C'è Silvana Grasso all'ennesima potenza in quest'opera che, attraverso una prosa carnale, lirica e feroce, stordisce per bellezza di rinnovato incantesimo.
E' la storia di un pentimento, quello del patriarca Branciforti, per aver ceduto alle lusinghe dell'abisso, commettendo il più indicibile dei crimini, in un istante di orrore che trascinerà con sé la sua esistenza e quelle di chi gli sta intorno.

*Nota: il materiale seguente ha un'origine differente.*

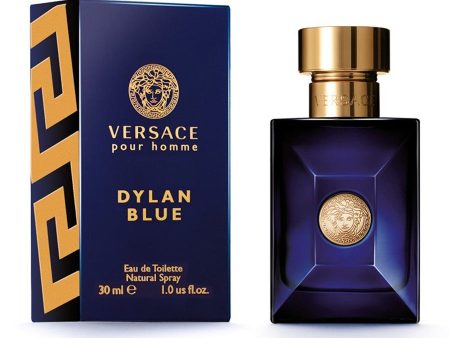 Versace Dylan Blue Pour Homme Eau de Toilette (Various Sizes) For Sale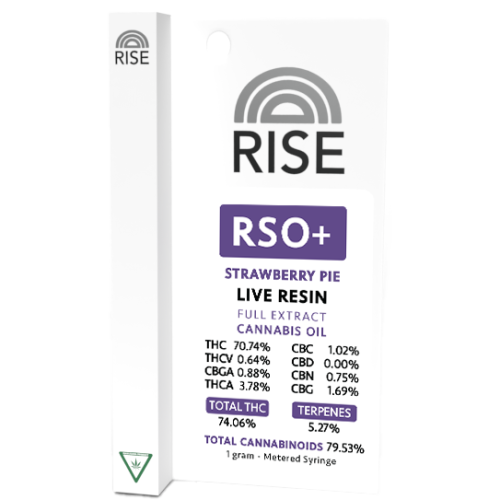 RISE RSO+ Concentrate Syringe 1 gram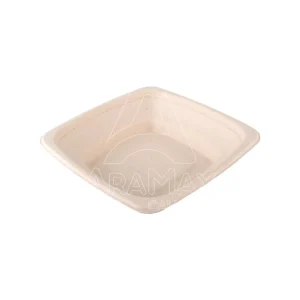 BOWL CUADRADO DE  FIBRA DE TRIGO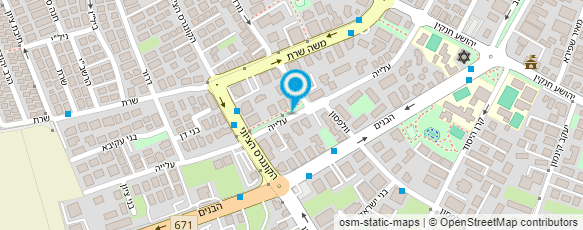 מפת הגעה אל מיכאל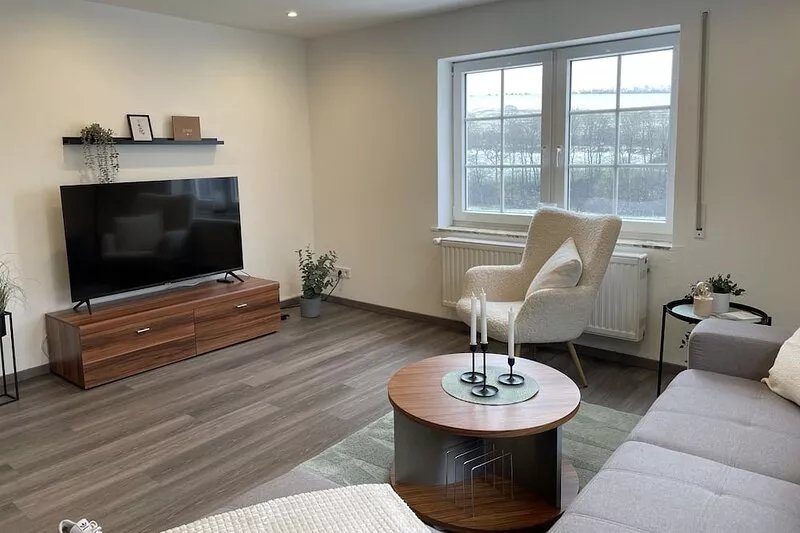 Apartment with 3 bedrooms newly renovated Buchet for up to 8 people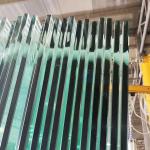 10mm Thickness Tempered Glass Panel Wind Pressure Resistance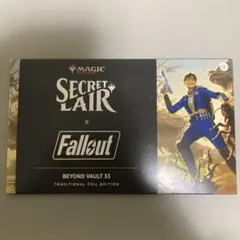 未開封 MTG Fallout Beyond Vault 33 Foil版 - メルカリ
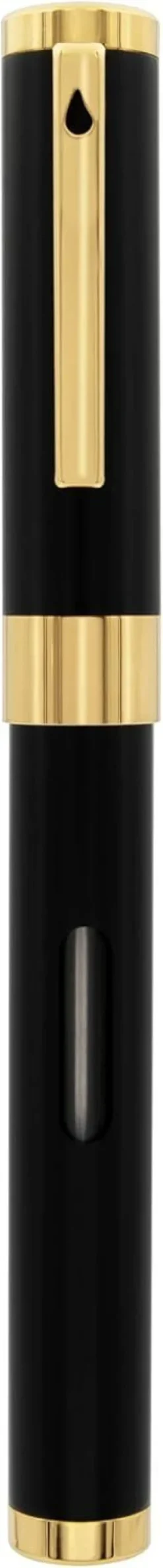 Diplomat Premium Füllhalter Nexus Black/Gold, vergoldete Feder
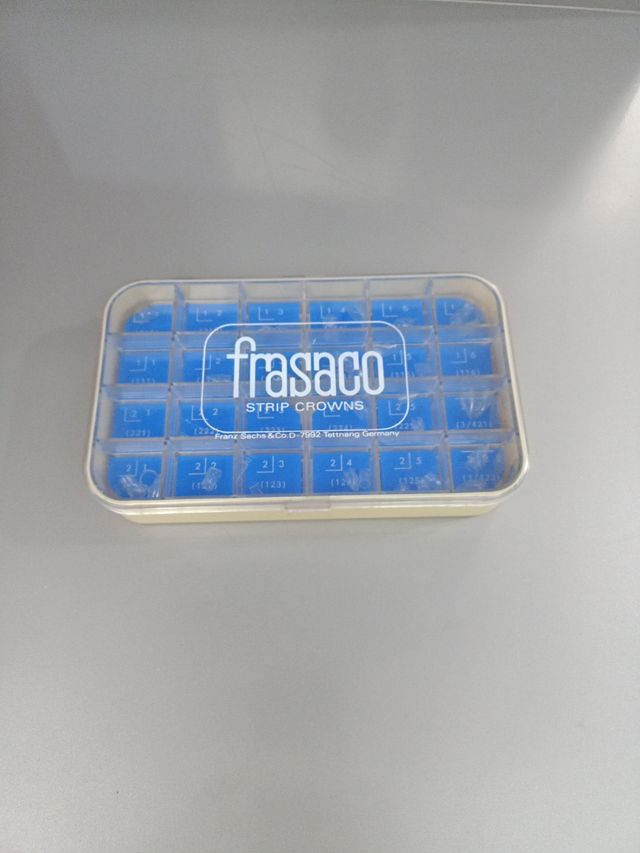 Coronas acetato Frasaco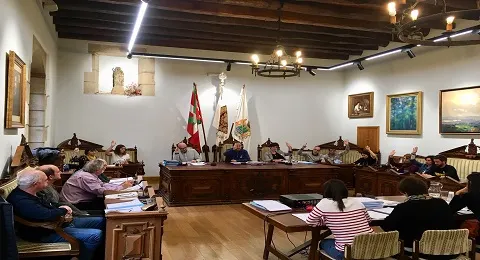 HONDARRIBIA TENDRÁ UN PRESUPUESTO DE 21’79 MILLONES PARA EL 2019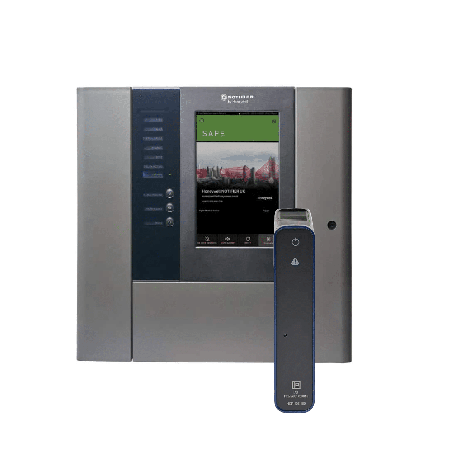 Bundle NOTIFIER INSPIRE E10 | 2 Ringe | Alarmmodul | 6 Steckplätze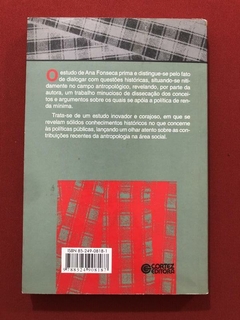 Livro - Família E Política De Renda Mínima - Ana Maria Medeiros - Cortez - comprar online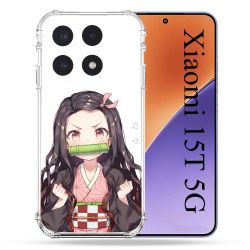 Coque Renforcée Pour Xiaomi 15T Manga Demon Slayer Nezuko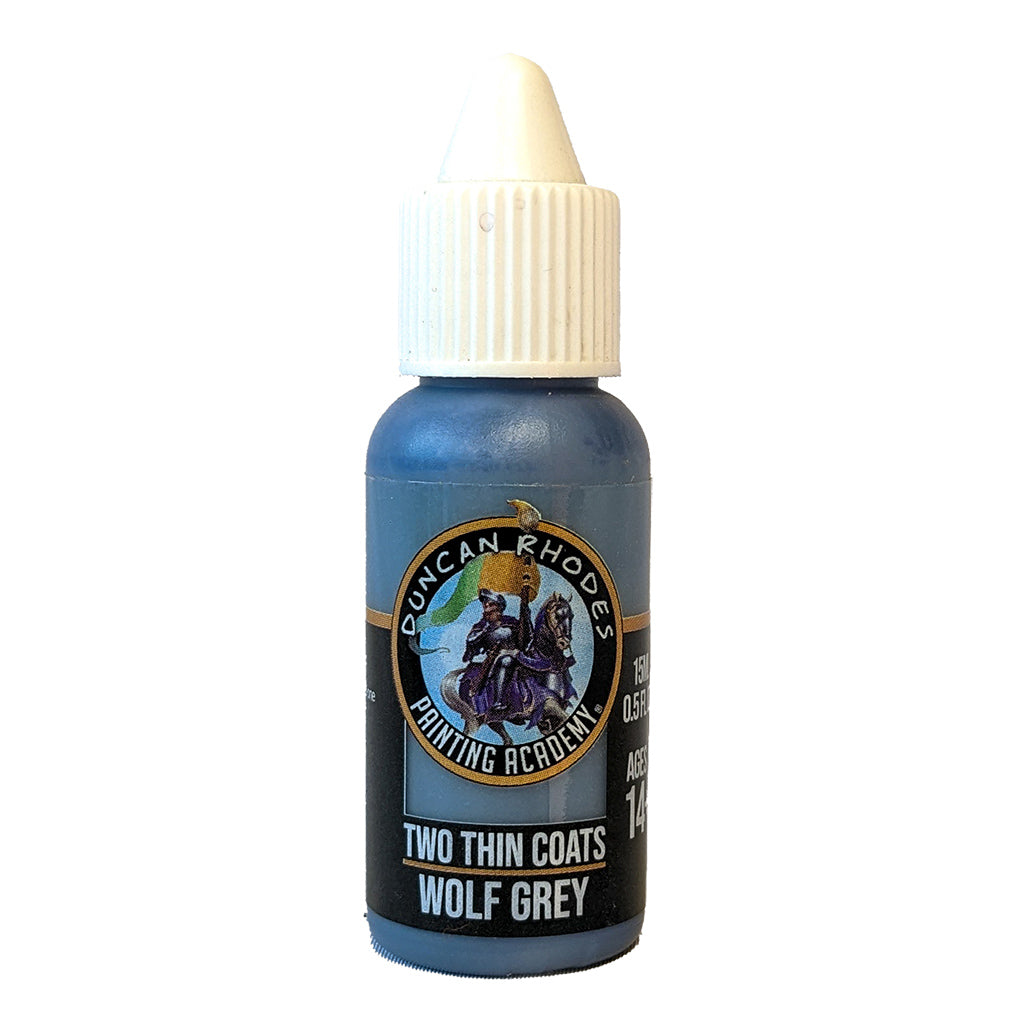 Duncan Rhodes - Two Thin Coats: Wolf Grey
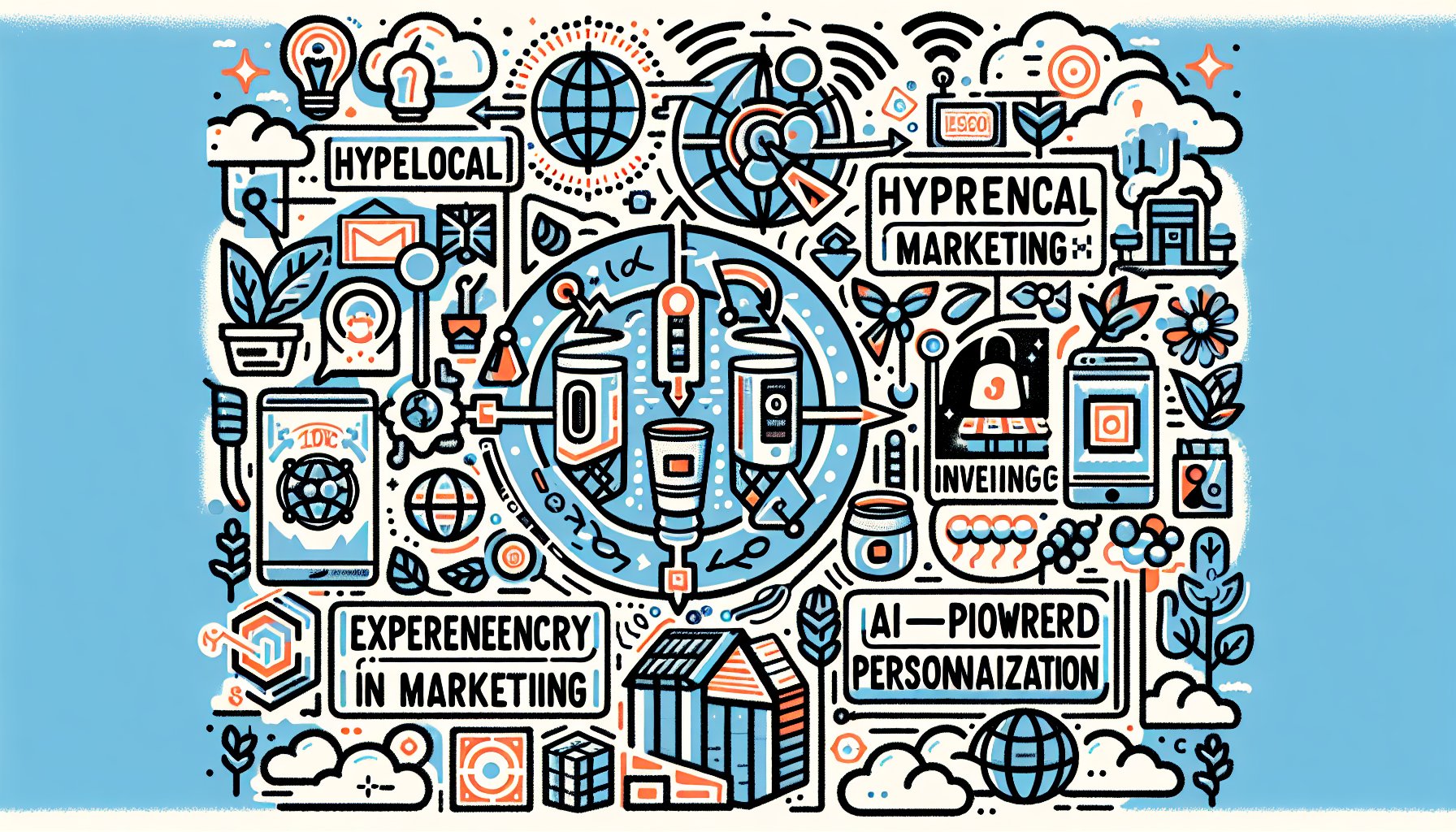 Social media marketing trends for 2025: hyperlocal strategies, sustainability, experiential tactics, influencer authenticity, and AI personalization.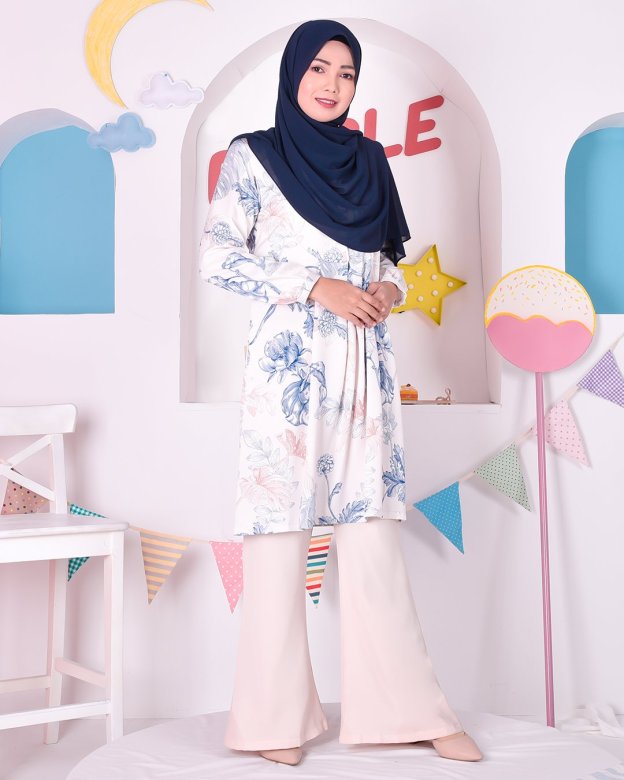Tunic Carina - Fresh White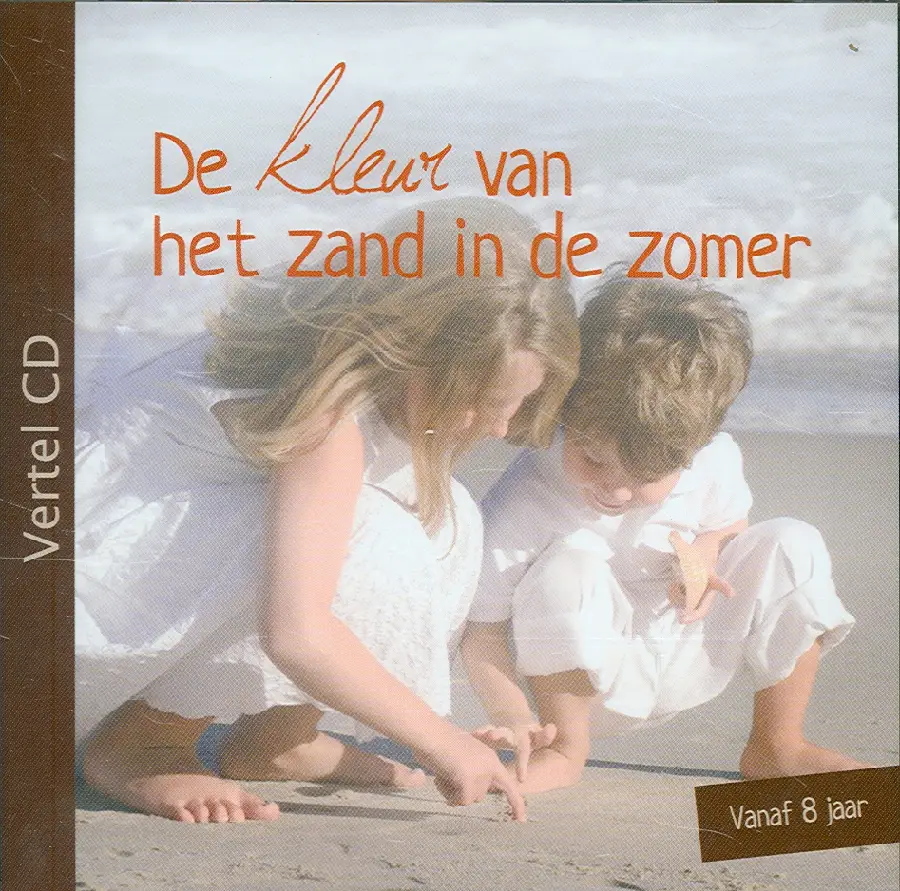 Kleur van zand in de zomer  luisterboek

E' la storia di un sogno di possesso, che diventa ossessione carnivora, che divora il pensiero e fa a brandelli la mente, come i tonni dell'agognata tonnara, fino a quando non prende forma, diventando, però, tormento e martirio, quando Pietro rifiuta il suo destino di indossatore di sogni, "vomitando conati di delusione sul desiderio di padre".
Ed è la storia di un'inettitudine che diventa progetto intenzionale, fallimento perseguito con maniacale lucidità perché si faccia punizione, vendetta, rivalsa e scopo finale della propria vita.
E poi c'è lei, la lingua della scrittrice, spina che ferisce "per graffio selvaggio", avviluppando il lettore nelle spire di un suono antico, che sa di avi, di terra, di anima. Mentre lo sguardo di una Sicilia madre e matrigna, moglie e meretrice, culla i sogni dei suoi abitanti osservando, spietata e commossa, la loro disfatta e la loro esistenza che si sfalda come pupa di zucchero ai colpi della sorte.